To see for yourself all of the source code, don’t hesitate to look at the Arduino repository with all the source-code inside.
The Code Inside the Chip
The Arduino Mega 2560 is called after the microcontroller it has : the Atmel ATmega2560. What is great with the Arduino is how easy it is to use it. The company Arduino has made a tremendous amount of work in making a library and compiler that transform the simple functions you put into code, into physical interactions. Now of course, every microcontroller can be uploaded with code, but the amazing part about Arduino is that no other companies have been able to make a simple and easy to use library for microcontrollers.
To compile code into the Arduino, an IDE is given on which you can write code in C++ and upload it in the chip. The community has also made a lot of libraries that are easily downloadable through the IDE library manager, and that are made to communicate with every imagineable sensors, motors, LCD screens, etc… And of course it is not hard to make your own C++ library.
I won’t put a guide on how to use the Arduino as there are already tons of them online, but I will talk more about the software architecture that is inside the Arduino.
Software Architecture
As this Arduino will control different boats with different hardware attached to it, it was needed to build an architecture that would make it easy to add or remove features, hadware sensors or motors.
For this it was obvious to use as much as possible the capability of the OOP (Object-Orientated Programming) of C++. I don’t generally like talking about design patterns in C++ since it is basically giving names to solutions that uses C++. But if you want to have some culture (which is always useful) we could say the design pattern used ressembles the Entity-Component-System based architecture. Of course the version in the boat is far more simpler.
Basically, the Sailboat is a C++ class that contains Sensors, Actuators and Controllers. Each of these are Components, meaning they each have more or less the same behaviours. E.g. Sensors acquire data and send them, whichever it be a wind sensor or the GPS or the IMU.
The Sailboat itself is an Entity, it contains those Components and act on them, call them or whatever.
Let’s see an example of a Sensor class :
#include <SensorsInterface.h>
class WindSensor : public SensorROS{
public:
WindSensor() : SensorROS(10, "wind", &msg){}
void init();
void updateMeasures();
void communicateData();
double getMeasure();
};
Here is a basic sensor template.
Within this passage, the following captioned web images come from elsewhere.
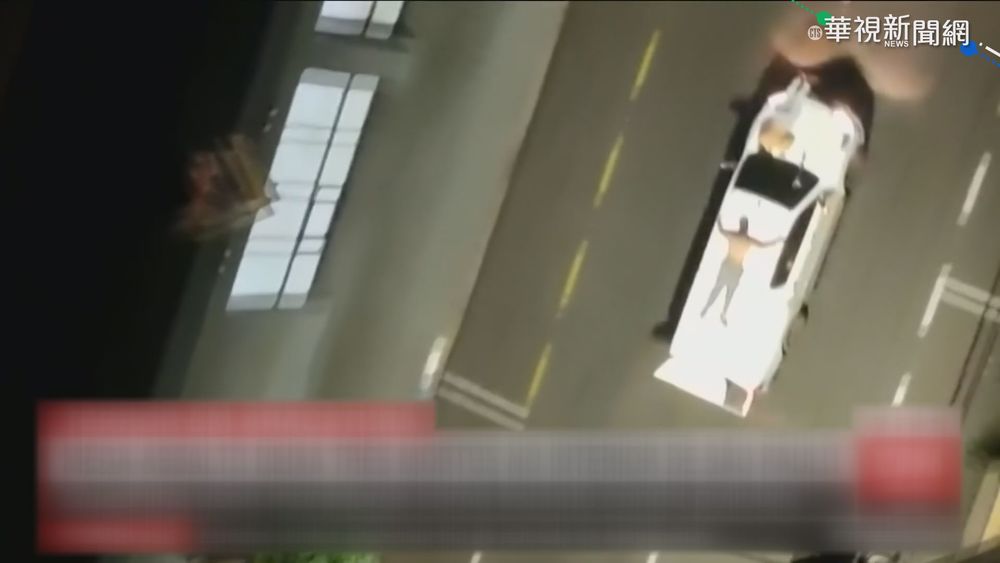 巴西銀行搶案 人質遭綁車頂擋子彈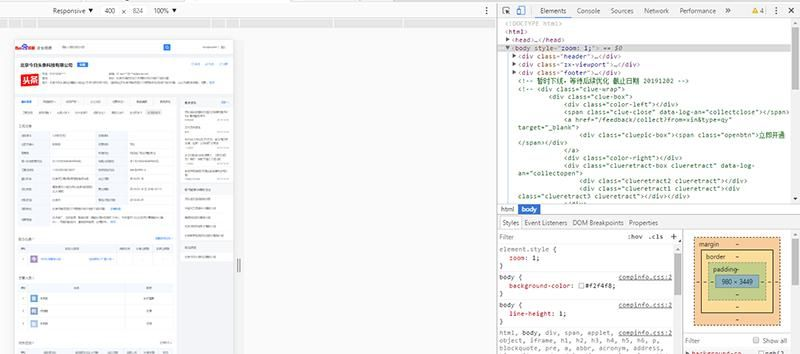 (手机端电脑网页浏览器)探讨手机电脑版浏览器的功能差异和使用体验优化方法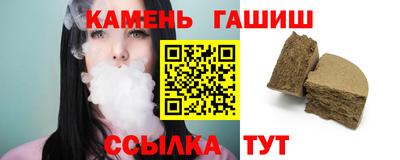spice Кингисепп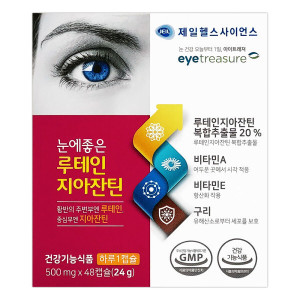 <b>제일헬스사이언스</b> 눈에좋은 <b>루테인</b> 지아잔틴 48캡슐 눈건강 아이케어 영양제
It initializes it’s variables init()
, the updates are called by the sailboat every 10ms updateMeasures()
and then it communicates its data communicateData()
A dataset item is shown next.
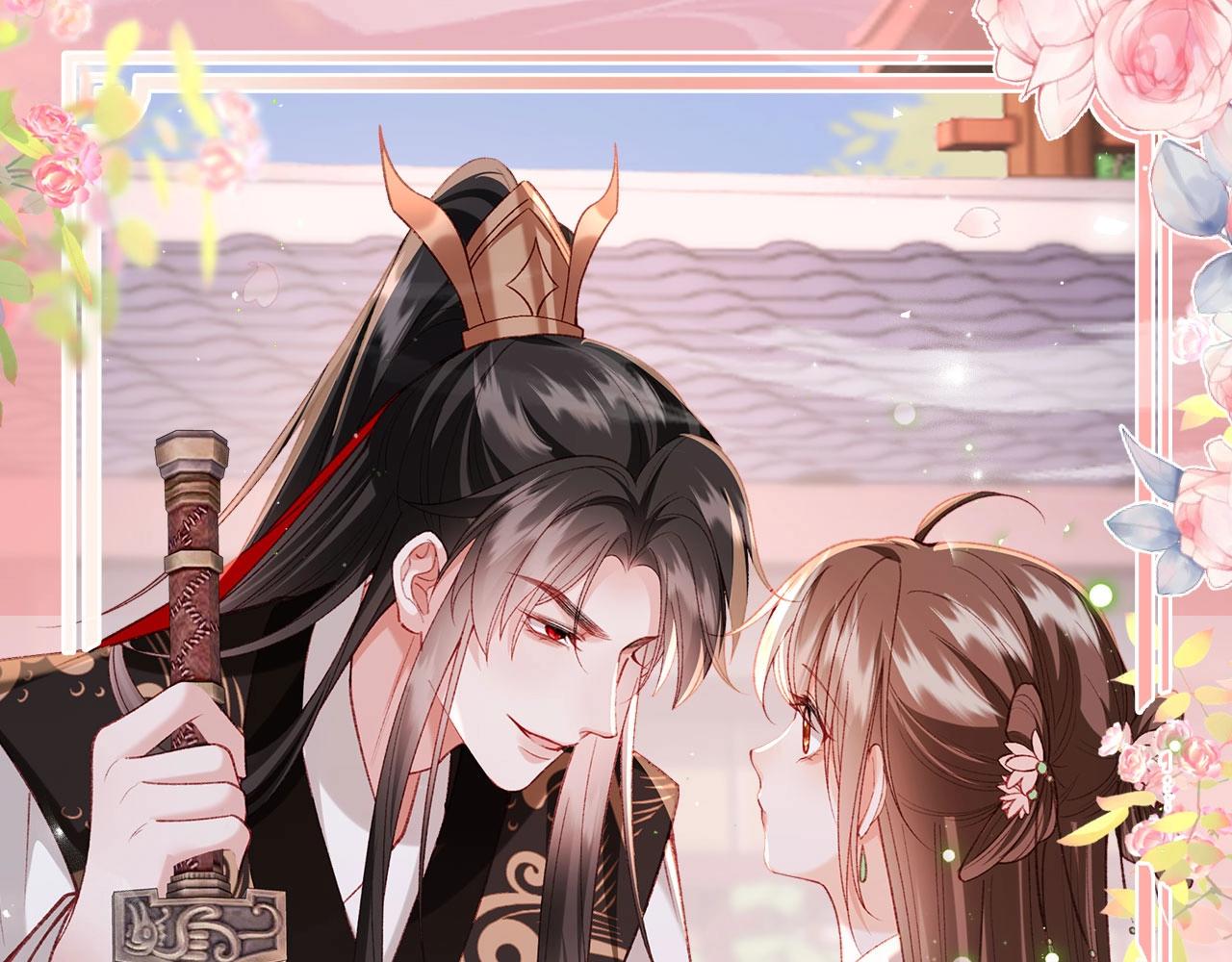 特典公开：2月26日 女配不想让主角分手 魔影仙踪-第48话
. All this is done automatically thanks to the magic of polymorphism. If you want to make another Sensor you just need to implement those methods and add the sensor to the sailboat.
Now the Controller works on the same principle. All controllers have the same behaviour : init()
to initialize some variables and control()
to act upon the actuators. All components have access to the Entity so the controllers have access to all sensors.
Now you understand that the Actuactors are the same.
The System in our case is the Arduino ino code which instantiate the Sailboat class and links it to all the Arduino chip.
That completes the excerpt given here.